### [Data excerpt]
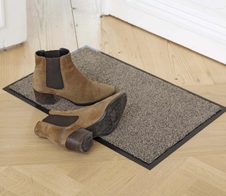 Mercury Fußmatte Cosmos 80,0 x 150,0 cm beige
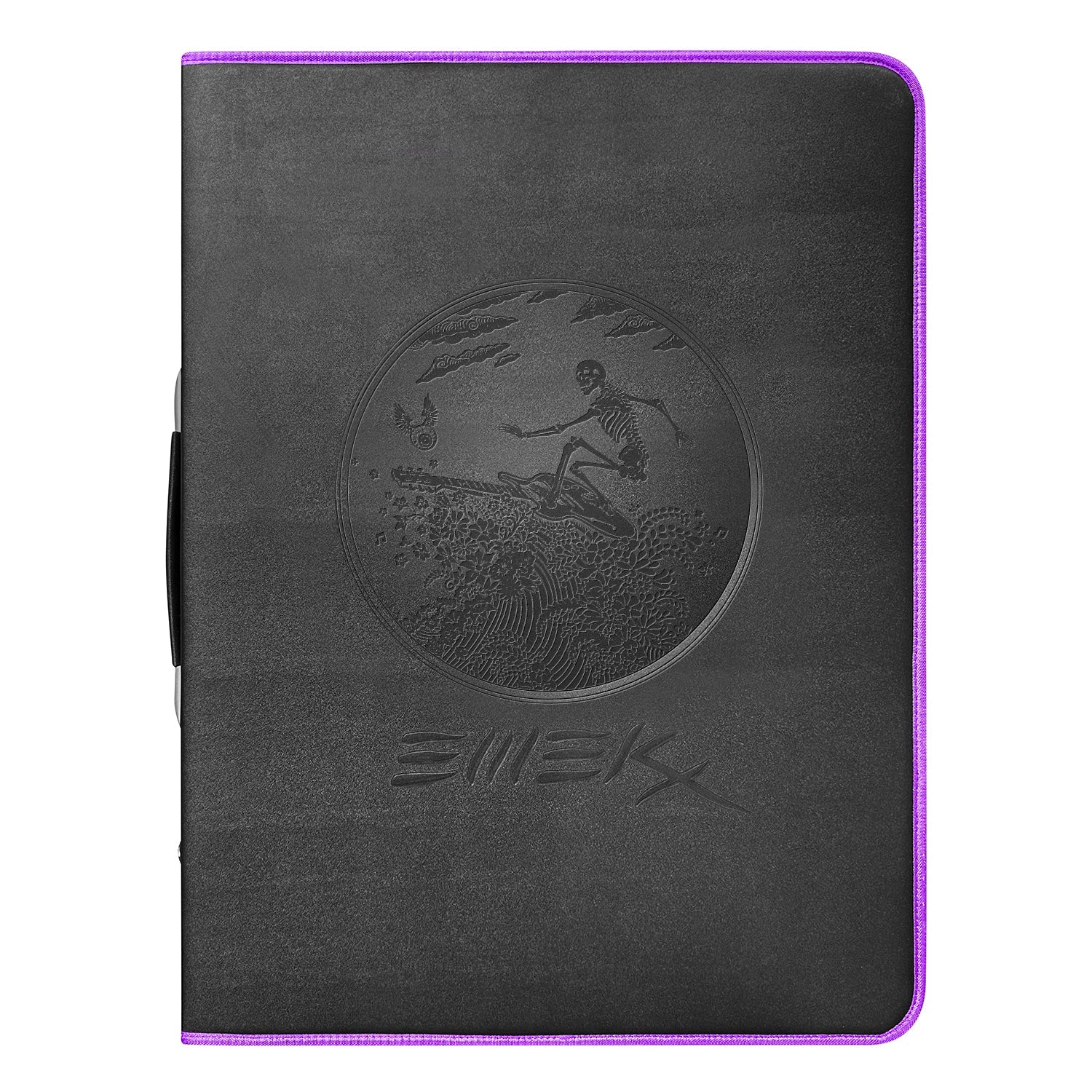 EMEK (Artist Edition) Deluxe Storage Portfolio & EMBOSSED Print Bundle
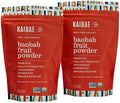 Premium Organic Baobab Powder I Prebiotic Gut Health, Intermittent Fasting, Immunity, Hydration | Vitamin C, Polyphenols, Minerals | Fiber Supplement | 16 oz.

### [Instructions for the task]
Your answer must be an exact copy of the listing, minus its pictures.

### [Task solution]
 Mercury Fußmatte Cosmos 80,0 x 150,0 cm beige
 EMEK (Artist Edition) Deluxe Storage Portfolio & EMBOSSED Print Bundle
 Premium Organic Baobab Powder I Prebiotic Gut Health, Intermittent Fasting, Immunity, Hydration | Vitamin C, Polyphenols, Minerals | Fiber Supplement | 16 oz.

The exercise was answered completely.